§ Dataset content
--- START ---

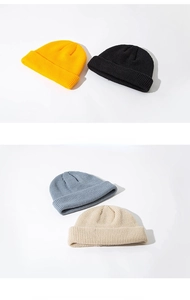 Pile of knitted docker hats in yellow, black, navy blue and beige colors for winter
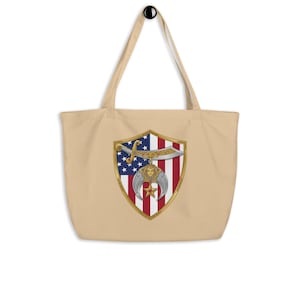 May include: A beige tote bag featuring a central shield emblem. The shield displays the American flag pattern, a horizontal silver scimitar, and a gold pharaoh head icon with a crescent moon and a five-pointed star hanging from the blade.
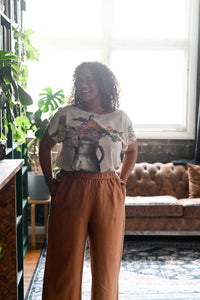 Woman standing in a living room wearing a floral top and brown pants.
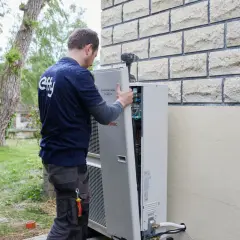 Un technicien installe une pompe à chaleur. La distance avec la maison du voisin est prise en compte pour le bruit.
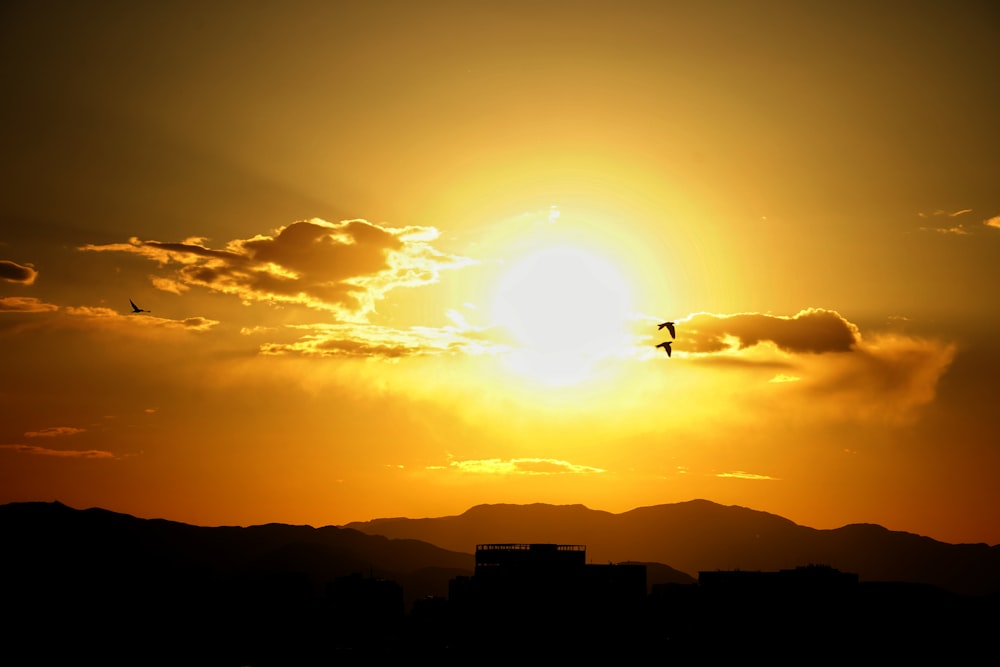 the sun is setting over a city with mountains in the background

--- END ---

§ Brief
Repeat exactly and only the lines from the start of the data above through the line that holds "Woman standing in", inclusive. Pictures do not belong in the copy.

§ Expected output
 Pile of knitted docker hats in yellow, black, navy blue and beige colors for winter
 May include: A beige tote bag featuring a central shield emblem. The shield displays the American flag pattern, a horizontal silver scimitar, and a gold pharaoh head icon with a crescent moon and a five-pointed star hanging from the blade.
 Woman standing in a living room wearing a floral top and brown pants.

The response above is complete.